== Data for this exercise
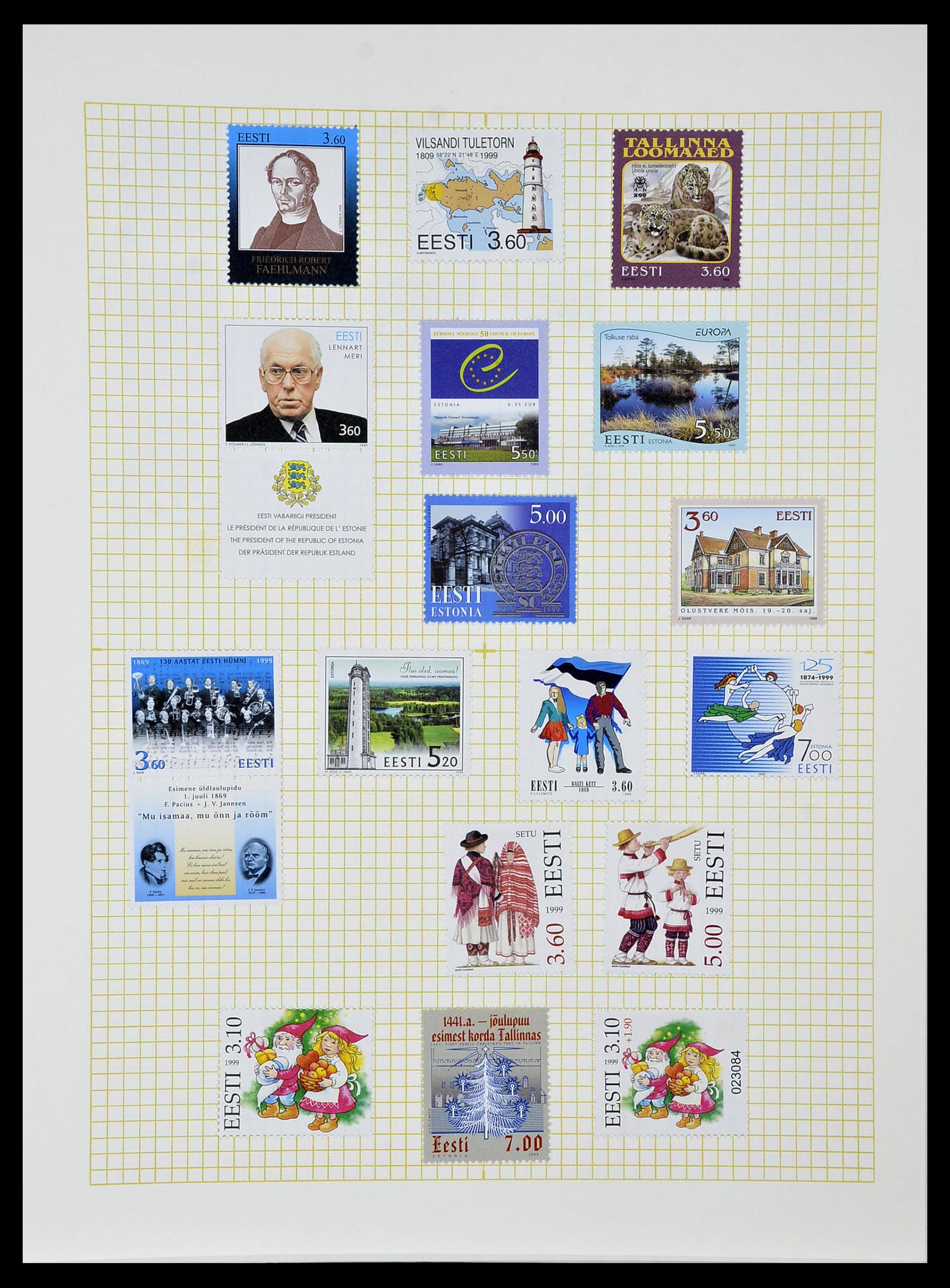 34139 038 - Postzegelverzameling 34139 Estland 1918-2002.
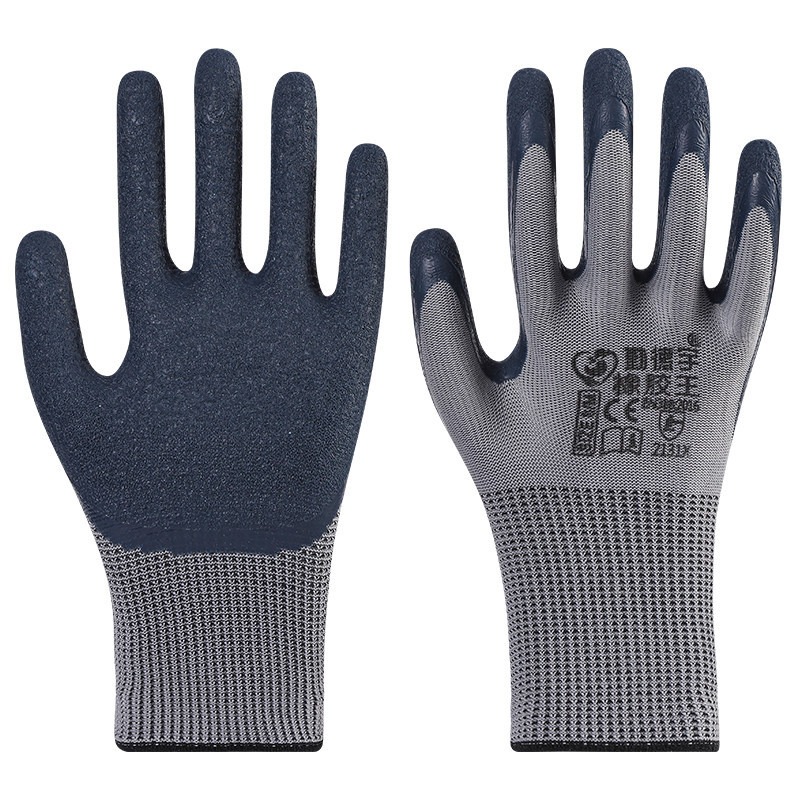 【12 pairs】Tyre Rubber Work Gloves, Anti-slip Wear-resistant Rubber Coated Safety Gloves for Construction, Auto Repair & Handling
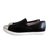 Miu Miu Leather loafers Black Silvery  ref.84535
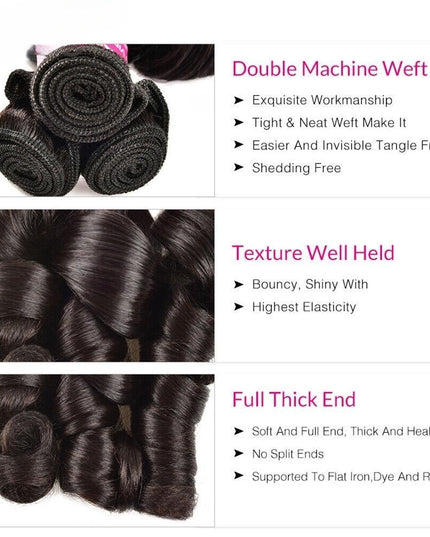 Funmi Italian curl Premium Donor Virgin Hair Bundle Double drown 1PC
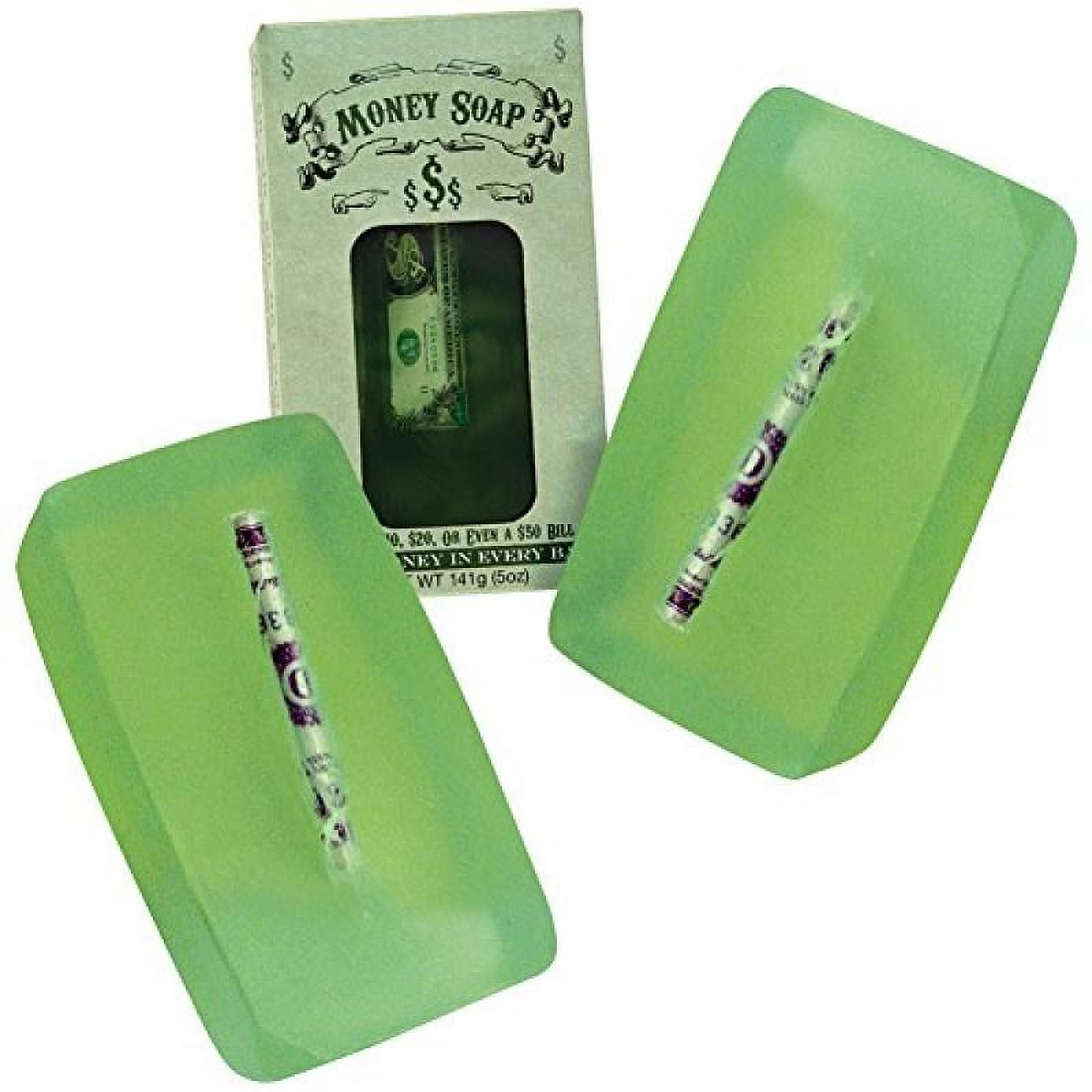 Money Soap With Real Cash In Every Bar, Jackpot Practical Joke Gag Gifts,  Green With A Fruity Scent, Fun Gifts For Him Or Her, Up To 100 In Each One  : 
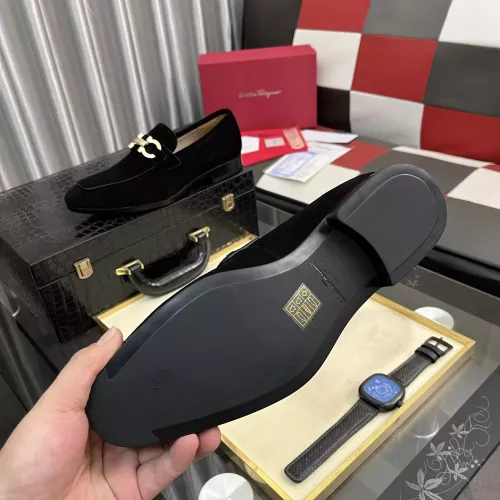 Cheap Salvatore Ferragamo Leather Shoes For Men #1381479 Replica Wholesale [$108.00 USD] [ITEM#1381479] on Replica Salvatore Ferragamo Leather Shoes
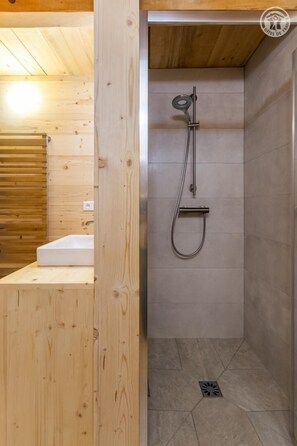 Shower, hair dryer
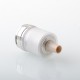 YFTK Monarchy J3S Style DL RTA Rebuildable Tank Atomizer - Silver, 316 Stainless Steel + PCTG, 2.5ml, 22mm Diameter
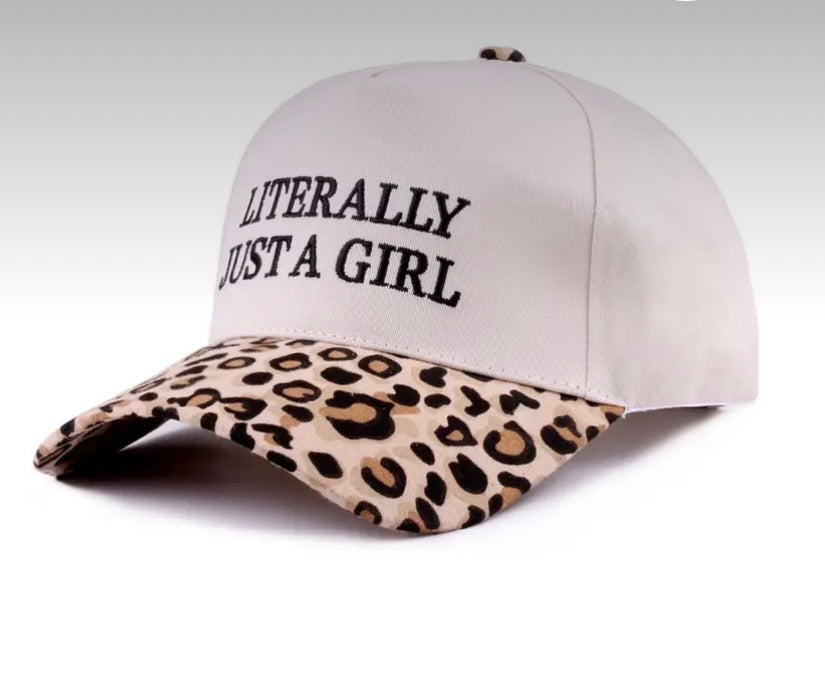 “Literally Just A Girl” trucker hat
====
◆ **Try it**
Give again, word for word, the lines above from the first one through the one containing "Funmi Italian curl"; no pictures.

◆ **Answer area**
 34139 038 - Postzegelverzameling 34139 Estland 1918-2002.
 【12 pairs】Tyre Rubber Work Gloves, Anti-slip Wear-resistant Rubber Coated Safety Gloves for Construction, Auto Repair & Handling
 Miu Miu Leather loafers Black Silvery  ref.84535
 Funmi Italian curl Premium Donor Virgin Hair Bundle Double drown 1PC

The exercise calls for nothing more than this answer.